[2020, Februari 04]
Pertama kalinya ke Jepang tidak membuat Jane merasa gugup. Ada rasa aman karena sang teman menjemput dari bandara, lalu mengajaknya tinggal di apartemennya. Awal COVID di tahun ini serasa bukan masalah besar.
Meskipun tidak sepenuhnya berlibur karena Jane harus terus bekerja selama ada di Jepang, ia tetap merasa senang. Ia dibekali modem milik Patricia sehingga selalu terkoneksi dengan internet. Pekerjaannya sebagai tutor pun tidak terkendala sama sekali.
Malahan Patricia mengajaknya berkeliling di sekitar kotanya, mentraktirnya banyak makanan yang enak dan memberikan pengalaman tersendiri yang mengesankan. Ia diperkenalkan pada sistem belanja di supermarket Jepang hingga hari-hari berikutnya ia sudah bisa mandiri. Kendala bahasa dengan orang lokal juga bisa ditaklukkan dengan bantuan Google Penerjemah.
"Cik, aku nggak bisa nemenin kamu hari ini. Kalau mau jalan-jalan, bisa sama Mba Intan ya," kata Patricia berpamitan pagi itu, merujuk pada teman satu apartemennya.
"Oke, nggak papa. Hati-hati ya," Jane mengangguk dan melambai pada gadis pekerja keras itu.
Wanita Jawa yang disebut oleh Patricia pun muncul dari dalam kamar mandi. Dengan handuk di sekitaran bahunya, ia berkata pada Jane, "Aku hari ini udah libur. Habis ini temenku ajak makan siang. Kamu ikut aja sekalian, Jane."
Siapa yang tidak bersemangat kalau diajak pergi? Jane pun bersiap-siap dan sedikit berdandan.
Sekitar satu jam kemudian sebuah mobil terparkir di samping unit apartemen itu. Intan mengajak Jane keluar dan memperkenalkannya kepada seorang pria yang rupanya juga berasal dari Jawa Timur.
Destinasi pertama adalah ke sebuah toko elektronik. Di sana terdapat banyak sekali deretan gawai termutakhir, termasuk iPhone yang dijual jauh lebih murah daripada di Indonesia.
"Mba Intan, kenapa murah banget di sini?" tanya Jane terheran.
"Ya karena semua orang di sini pakai iPhone.
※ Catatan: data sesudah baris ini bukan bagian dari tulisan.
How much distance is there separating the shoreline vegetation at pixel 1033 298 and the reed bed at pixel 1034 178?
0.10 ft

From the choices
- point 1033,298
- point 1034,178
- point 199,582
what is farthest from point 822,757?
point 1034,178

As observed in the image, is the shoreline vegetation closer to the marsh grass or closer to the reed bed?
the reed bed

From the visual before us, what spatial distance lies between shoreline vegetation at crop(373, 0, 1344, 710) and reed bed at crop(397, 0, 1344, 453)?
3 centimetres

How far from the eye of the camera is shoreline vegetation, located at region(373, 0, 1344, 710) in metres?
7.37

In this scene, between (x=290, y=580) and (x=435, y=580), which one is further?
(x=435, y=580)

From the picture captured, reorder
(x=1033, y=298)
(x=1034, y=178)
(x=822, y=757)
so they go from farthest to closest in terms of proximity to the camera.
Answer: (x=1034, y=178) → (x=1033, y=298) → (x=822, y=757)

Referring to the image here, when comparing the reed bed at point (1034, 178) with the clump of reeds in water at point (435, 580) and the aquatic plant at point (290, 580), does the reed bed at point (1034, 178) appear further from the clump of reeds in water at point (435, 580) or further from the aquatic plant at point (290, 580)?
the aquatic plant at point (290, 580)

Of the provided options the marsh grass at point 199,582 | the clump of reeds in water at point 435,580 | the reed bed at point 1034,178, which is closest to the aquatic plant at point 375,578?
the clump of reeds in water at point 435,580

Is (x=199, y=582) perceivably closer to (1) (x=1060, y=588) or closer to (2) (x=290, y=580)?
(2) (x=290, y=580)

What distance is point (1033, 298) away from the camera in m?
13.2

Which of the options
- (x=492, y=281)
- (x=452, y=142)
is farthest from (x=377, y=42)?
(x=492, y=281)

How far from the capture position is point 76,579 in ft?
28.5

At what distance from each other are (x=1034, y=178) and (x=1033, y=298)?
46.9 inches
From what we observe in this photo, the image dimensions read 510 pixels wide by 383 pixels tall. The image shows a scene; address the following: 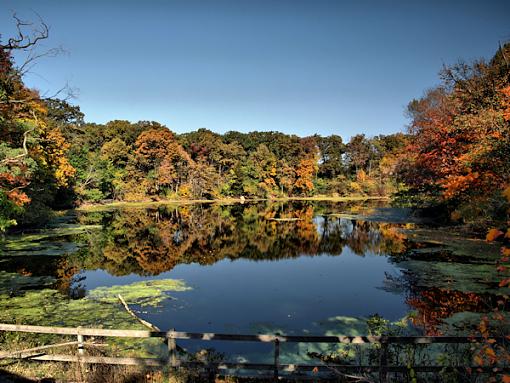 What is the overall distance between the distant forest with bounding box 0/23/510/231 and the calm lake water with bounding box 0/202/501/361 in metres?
3.50

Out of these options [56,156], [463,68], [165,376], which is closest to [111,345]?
[165,376]

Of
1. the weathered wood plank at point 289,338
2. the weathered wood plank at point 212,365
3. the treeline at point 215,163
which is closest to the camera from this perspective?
the weathered wood plank at point 289,338

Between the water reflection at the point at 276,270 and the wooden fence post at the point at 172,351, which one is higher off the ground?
the wooden fence post at the point at 172,351

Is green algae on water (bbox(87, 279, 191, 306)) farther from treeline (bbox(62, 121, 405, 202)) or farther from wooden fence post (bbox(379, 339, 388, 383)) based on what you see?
treeline (bbox(62, 121, 405, 202))

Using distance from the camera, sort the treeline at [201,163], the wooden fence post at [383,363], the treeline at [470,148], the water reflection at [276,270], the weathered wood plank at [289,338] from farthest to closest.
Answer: the treeline at [201,163]
the treeline at [470,148]
the water reflection at [276,270]
the wooden fence post at [383,363]
the weathered wood plank at [289,338]

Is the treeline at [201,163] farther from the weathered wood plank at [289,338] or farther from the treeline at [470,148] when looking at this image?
the weathered wood plank at [289,338]

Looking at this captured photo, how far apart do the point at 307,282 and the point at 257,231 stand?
686 inches

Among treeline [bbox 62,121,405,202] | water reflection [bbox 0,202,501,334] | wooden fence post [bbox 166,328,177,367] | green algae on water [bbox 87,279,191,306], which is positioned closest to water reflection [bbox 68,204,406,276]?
water reflection [bbox 0,202,501,334]

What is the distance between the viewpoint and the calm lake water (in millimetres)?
14000

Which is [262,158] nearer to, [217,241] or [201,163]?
[201,163]

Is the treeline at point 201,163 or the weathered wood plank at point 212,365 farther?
the treeline at point 201,163

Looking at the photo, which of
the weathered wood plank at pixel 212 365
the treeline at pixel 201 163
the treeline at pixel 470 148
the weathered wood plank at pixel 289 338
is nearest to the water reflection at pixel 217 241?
the treeline at pixel 470 148

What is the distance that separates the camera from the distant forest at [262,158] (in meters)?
21.4

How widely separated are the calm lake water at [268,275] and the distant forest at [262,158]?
11.5 ft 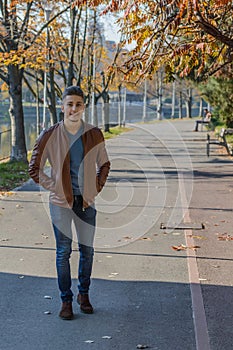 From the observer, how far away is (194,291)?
6961mm

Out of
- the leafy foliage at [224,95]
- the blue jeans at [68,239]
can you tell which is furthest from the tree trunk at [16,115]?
the blue jeans at [68,239]

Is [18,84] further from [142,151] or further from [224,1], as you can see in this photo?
[224,1]

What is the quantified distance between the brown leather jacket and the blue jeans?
8 centimetres

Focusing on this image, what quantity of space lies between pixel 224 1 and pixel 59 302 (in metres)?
3.66

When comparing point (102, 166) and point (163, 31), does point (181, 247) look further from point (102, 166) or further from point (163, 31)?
point (102, 166)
Kamu tahu lah, semakin banyak yang pakai ya semakin murah. Tapi, masalahnya yang ini dikunci. Nggak bisa dipakai di Indonesia. Mesti ke orang yang ahli untuk buka, dan dimasukin SIM card Indonesia." Intan menjelaskan dengan rinci. Ia sudah berencana untuk membeli sebuah gawai baru dengan gajinya.
Jane mengangguk-angguk. Ia tertarik tapi apa daya tidak membawa cukup uang. Dirinya mendatangi Patricia dengan uang terbatas karena gadis itulah yang menjamin liburannya di sana.
Dari toko tersebut, mereka langsung menuju ke sebuah rumah makan Barat. Tidak ada Patricia, jadi kali ini Jane mengandalkan uang sakunya sendiri. Dipilihnya menu steak yang cukup terjangkau.
Jika sedari awal perjalanan tidak ada banyak obrolan di antara Jane dan teman pria Intan, di sinilah akhirnya mereka saling mengobrol. Diketahui bahwa pria itu bernama Anwar dan ia sudah bekerja di sini selama lima tahun.
"Wah, hebat banget ya kalian berdua. Orang-orang pekerja keras," puji Jane, terkagum. "Si Patricia tuh sebenernya nawarin aku kerja juga, tapi kok lewat cara ilegal gitu. Ya aku nggak mau."